** Your goal **
The response consists of the lines from the start of the material below through the line holding "Stampo Minos Animaux", repeated word for word and without pictures.

** Records for this task **

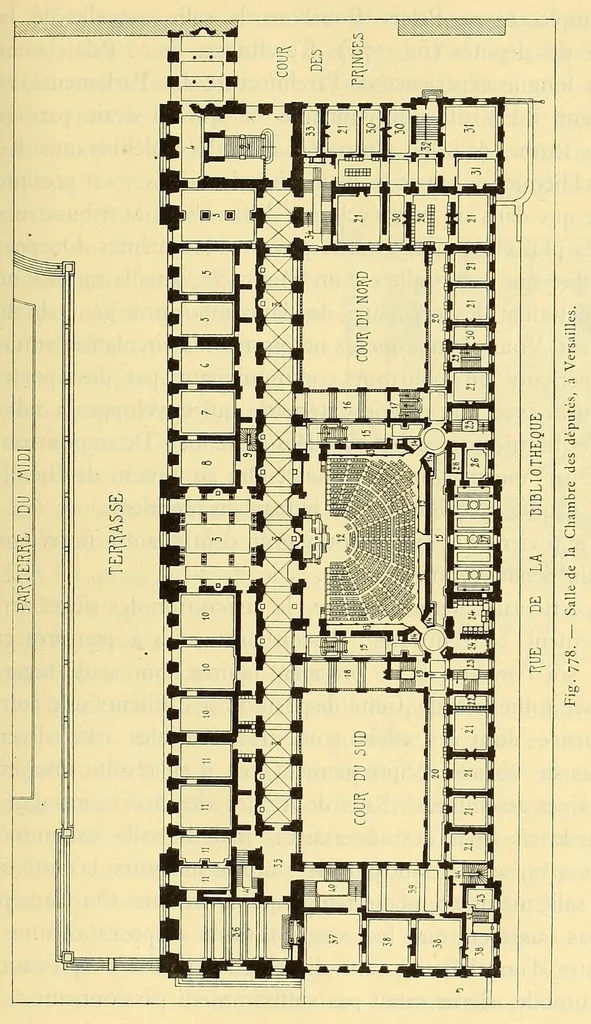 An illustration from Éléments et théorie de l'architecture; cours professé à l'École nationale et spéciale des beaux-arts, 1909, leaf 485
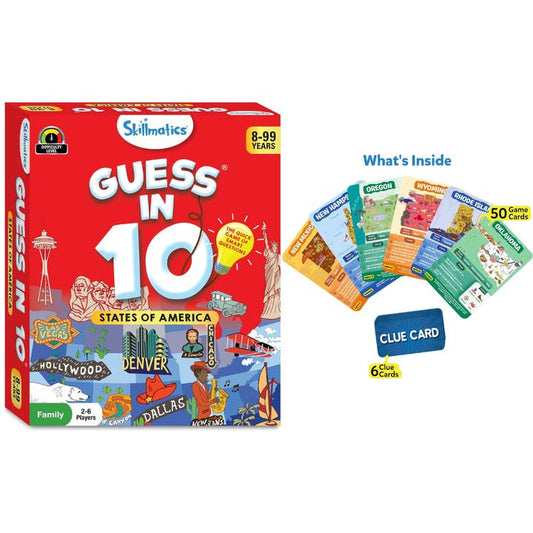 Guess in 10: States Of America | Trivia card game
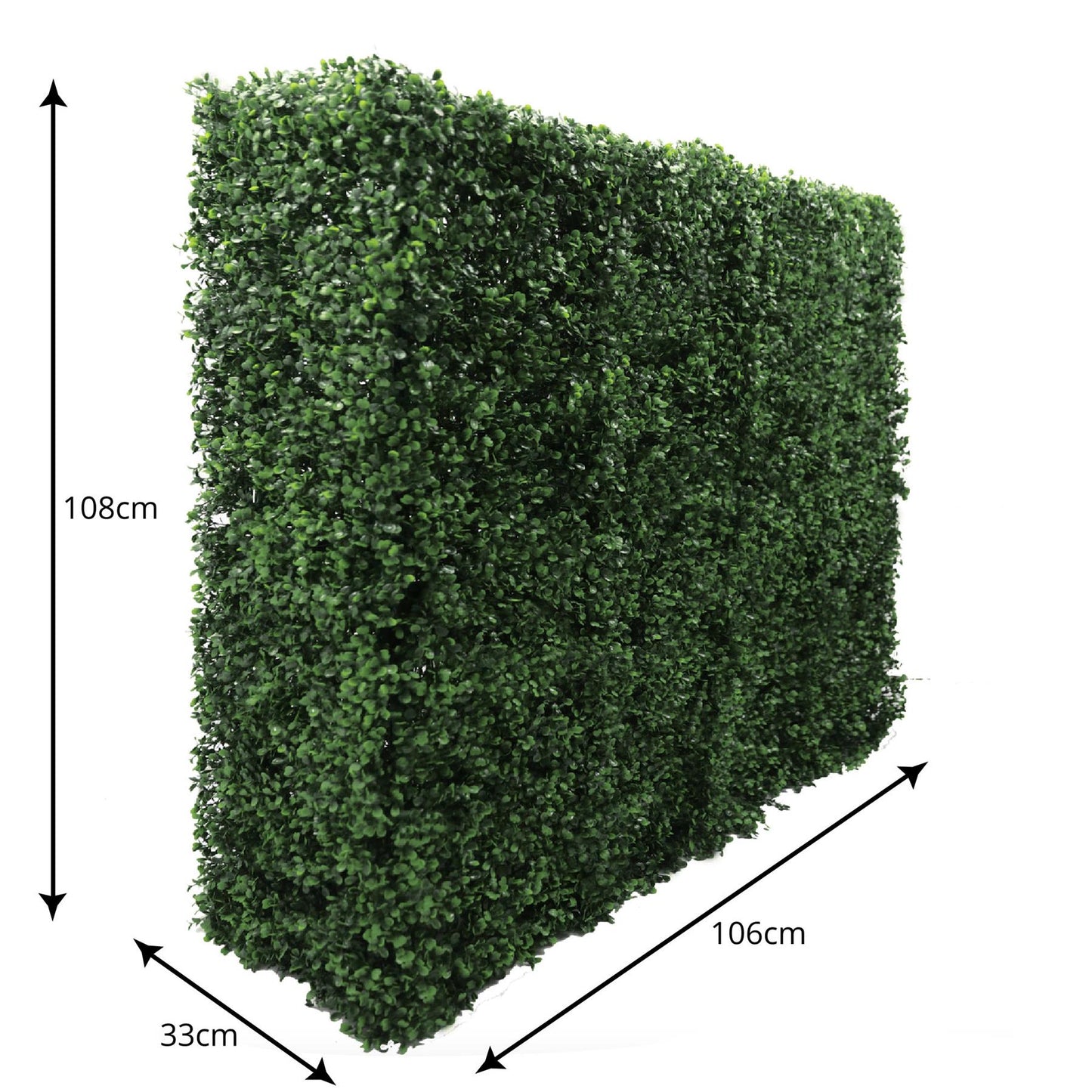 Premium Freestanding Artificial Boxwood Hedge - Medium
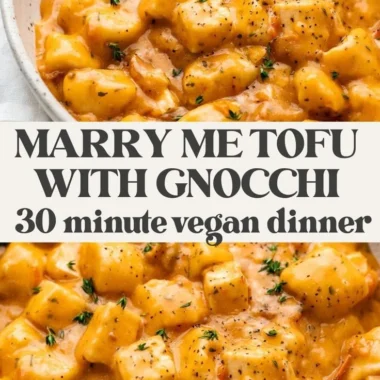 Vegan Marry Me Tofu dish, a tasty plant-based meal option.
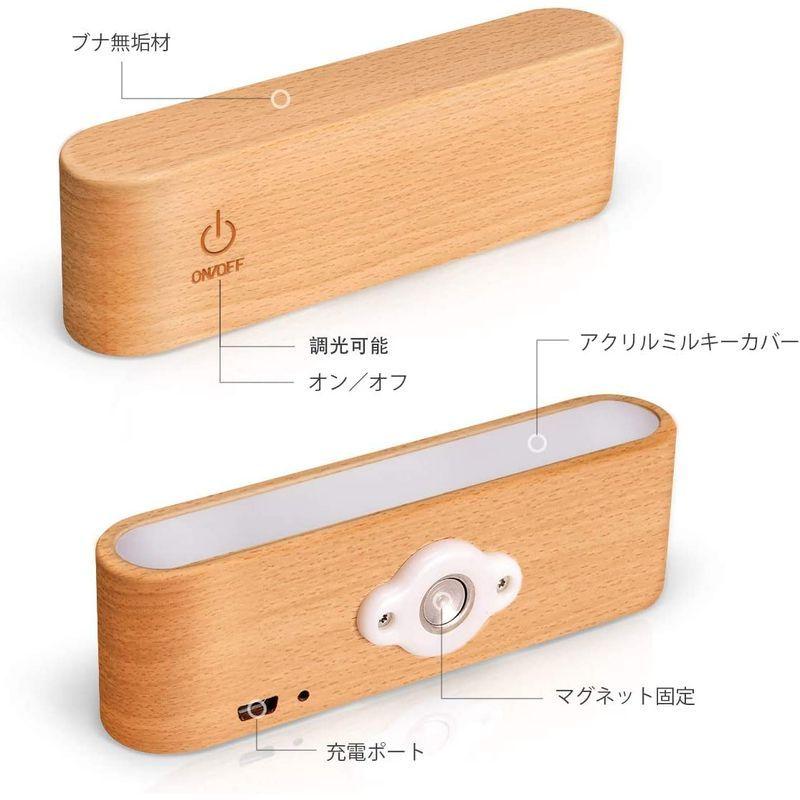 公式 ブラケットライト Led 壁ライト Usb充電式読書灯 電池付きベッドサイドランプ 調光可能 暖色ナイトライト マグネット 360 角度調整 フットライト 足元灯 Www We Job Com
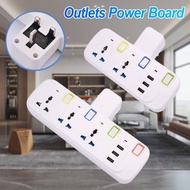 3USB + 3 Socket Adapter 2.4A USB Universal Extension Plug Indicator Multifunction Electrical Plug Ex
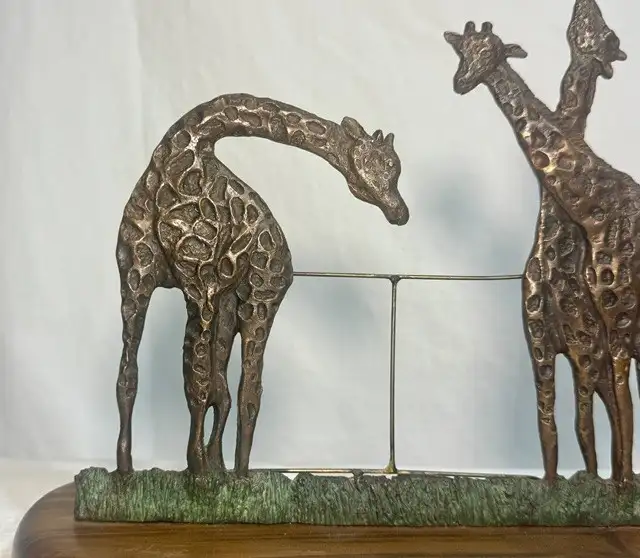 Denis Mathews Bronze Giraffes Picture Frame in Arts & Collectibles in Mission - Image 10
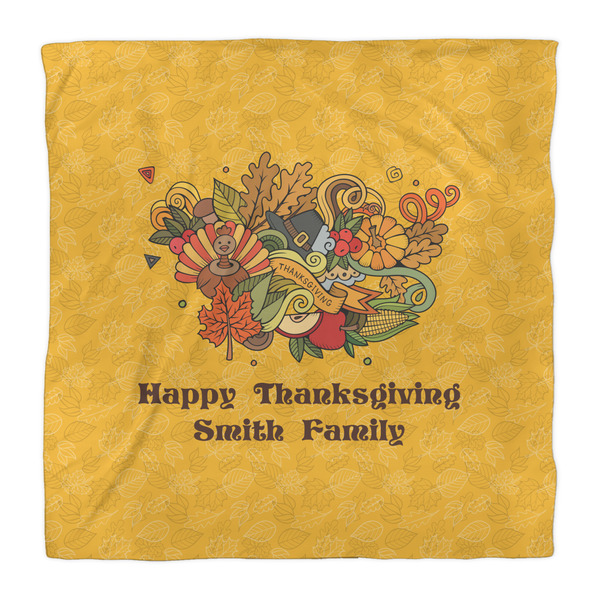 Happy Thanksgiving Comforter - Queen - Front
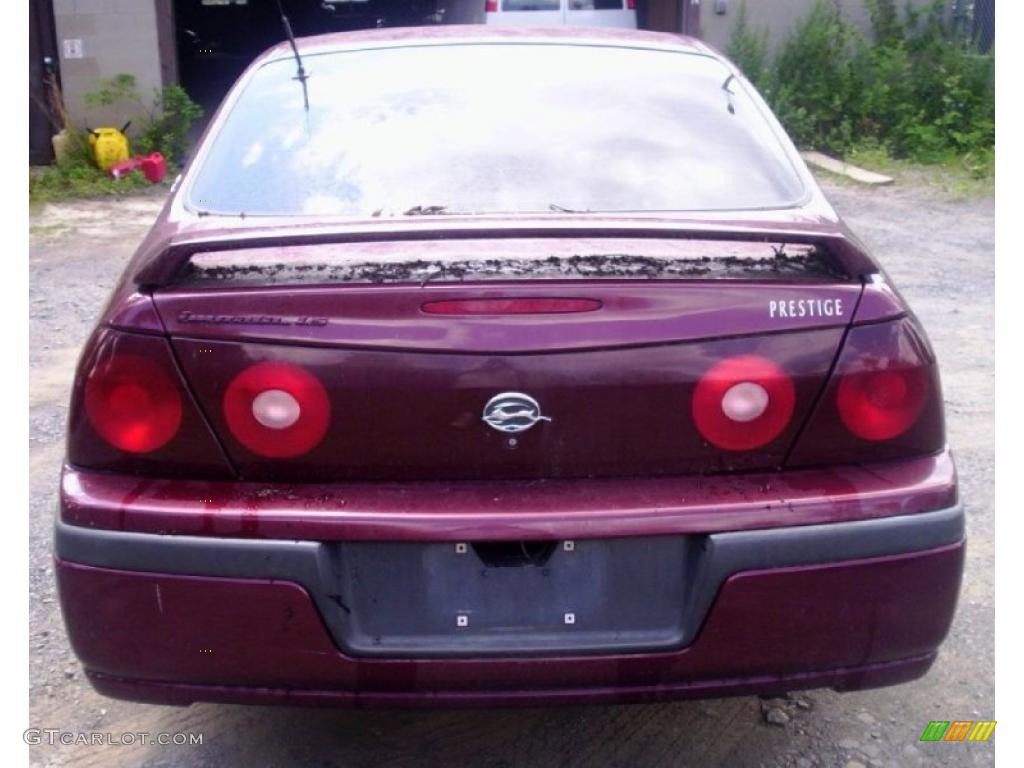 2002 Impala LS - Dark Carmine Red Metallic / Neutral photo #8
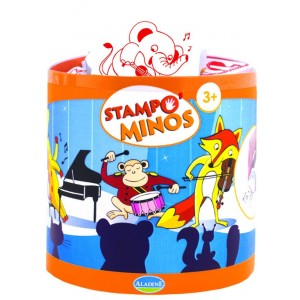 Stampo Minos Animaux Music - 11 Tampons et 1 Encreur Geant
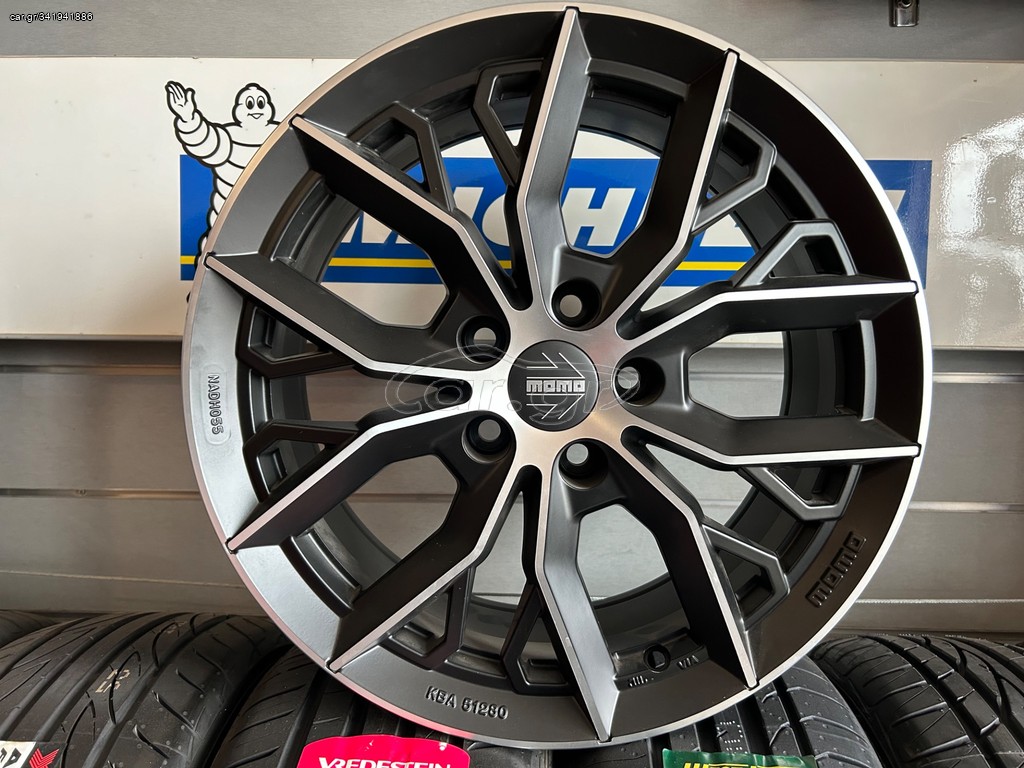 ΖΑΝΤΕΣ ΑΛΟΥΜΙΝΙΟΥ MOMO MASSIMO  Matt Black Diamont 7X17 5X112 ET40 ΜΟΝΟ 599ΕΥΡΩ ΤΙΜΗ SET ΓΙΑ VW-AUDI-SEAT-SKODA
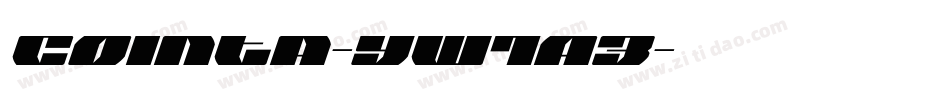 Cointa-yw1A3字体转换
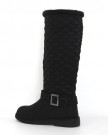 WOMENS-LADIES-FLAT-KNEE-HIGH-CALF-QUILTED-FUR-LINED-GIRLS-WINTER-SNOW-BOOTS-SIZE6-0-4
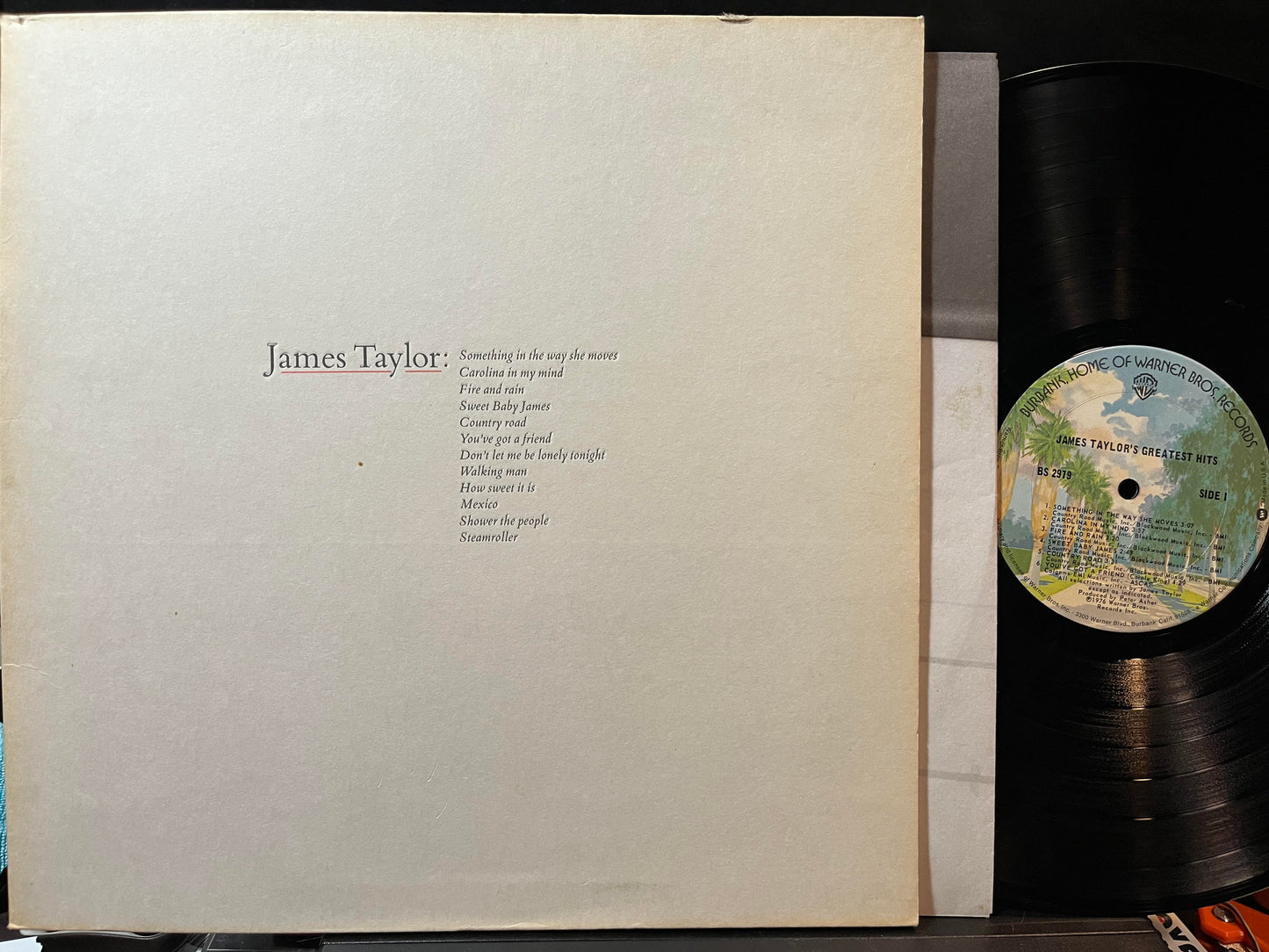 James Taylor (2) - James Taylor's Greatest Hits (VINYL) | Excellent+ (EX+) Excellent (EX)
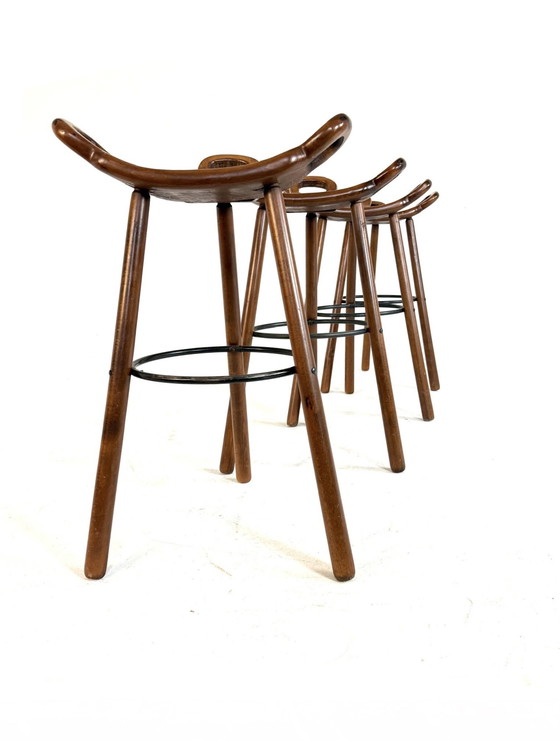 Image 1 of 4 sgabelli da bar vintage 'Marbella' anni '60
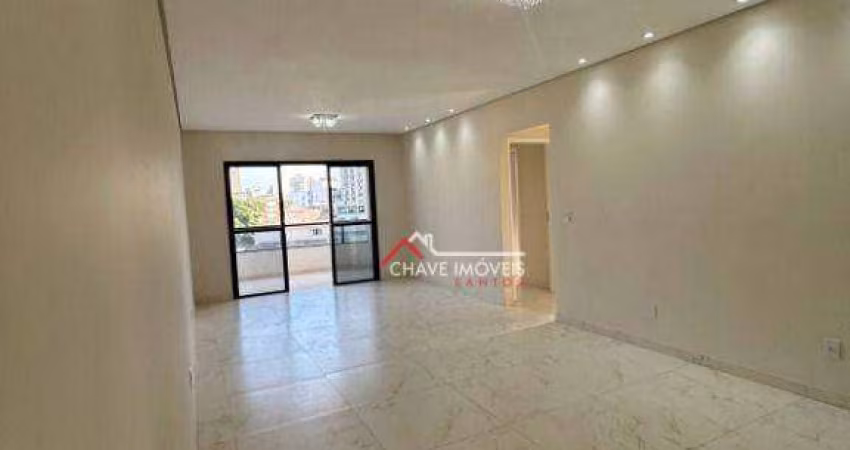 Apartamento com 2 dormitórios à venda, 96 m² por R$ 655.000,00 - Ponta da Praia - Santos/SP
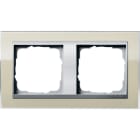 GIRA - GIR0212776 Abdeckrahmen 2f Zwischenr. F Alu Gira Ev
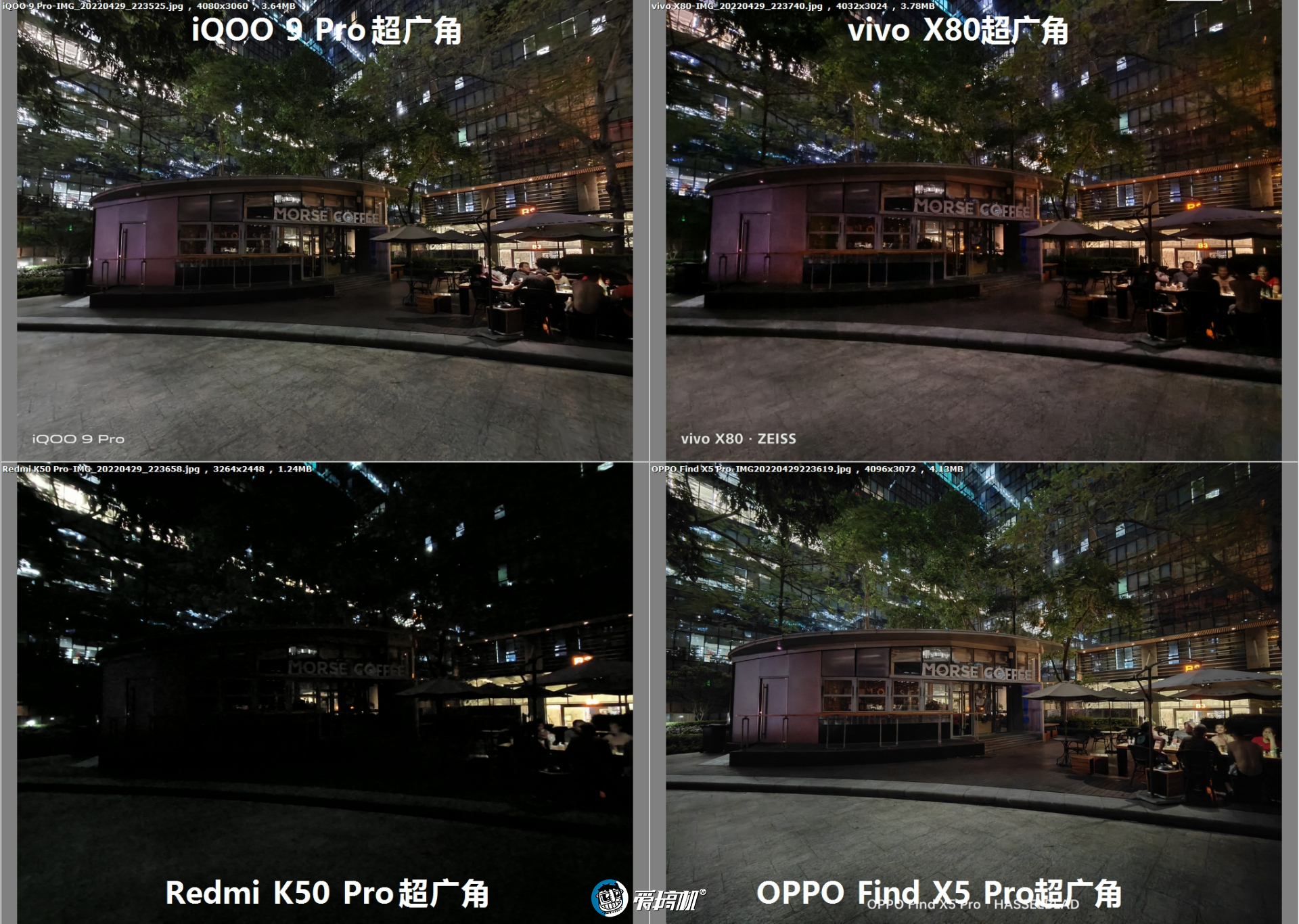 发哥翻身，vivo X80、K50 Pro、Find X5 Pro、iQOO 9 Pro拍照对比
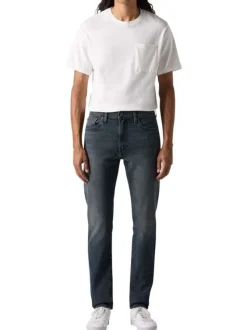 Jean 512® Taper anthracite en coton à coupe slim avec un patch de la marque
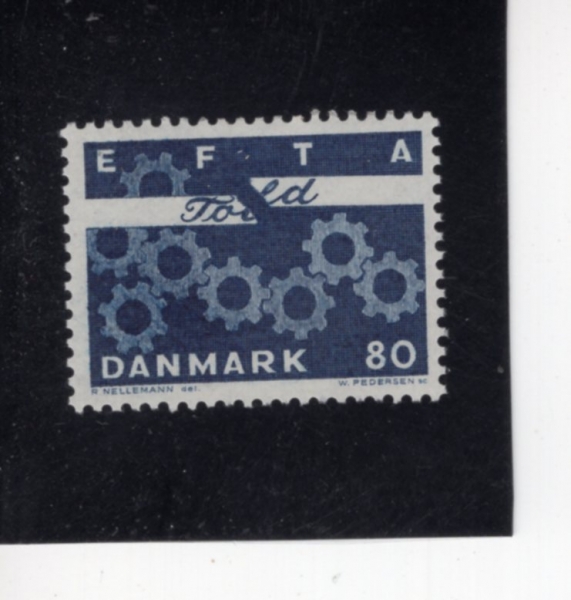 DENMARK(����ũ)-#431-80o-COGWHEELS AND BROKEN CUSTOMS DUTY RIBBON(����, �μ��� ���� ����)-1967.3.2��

** Response box **
 An illustration from Éléments et théorie de l'architecture; cours professé à l'École nationale et spéciale des beaux-arts, 1909, leaf 485
 Guess in 10: States Of America | Trivia card game
 Premium Freestanding Artificial Boxwood Hedge - Medium
 Vegan Marry Me Tofu dish, a tasty plant-based meal option.
 公式 ブラケットライト Led 壁ライト Usb充電式読書灯 電池付きベッドサイドランプ 調光可能 暖色ナイトライト マグネット 360 角度調整 フットライト 足元灯 Www We Job Com
 3USB + 3 Socket Adapter 2.4A USB Universal Extension Plug Indicator Multifunction Electrical Plug Ex
 Denis Mathews Bronze Giraffes Picture Frame in Arts & Collectibles in Mission - Image 10
 Happy Thanksgiving Comforter - Queen - Front
 2002 Impala LS - Dark Carmine Red Metallic / Neutral photo #8
 Stampo Minos Animaux Music - 11 Tampons et 1 Encreur Geant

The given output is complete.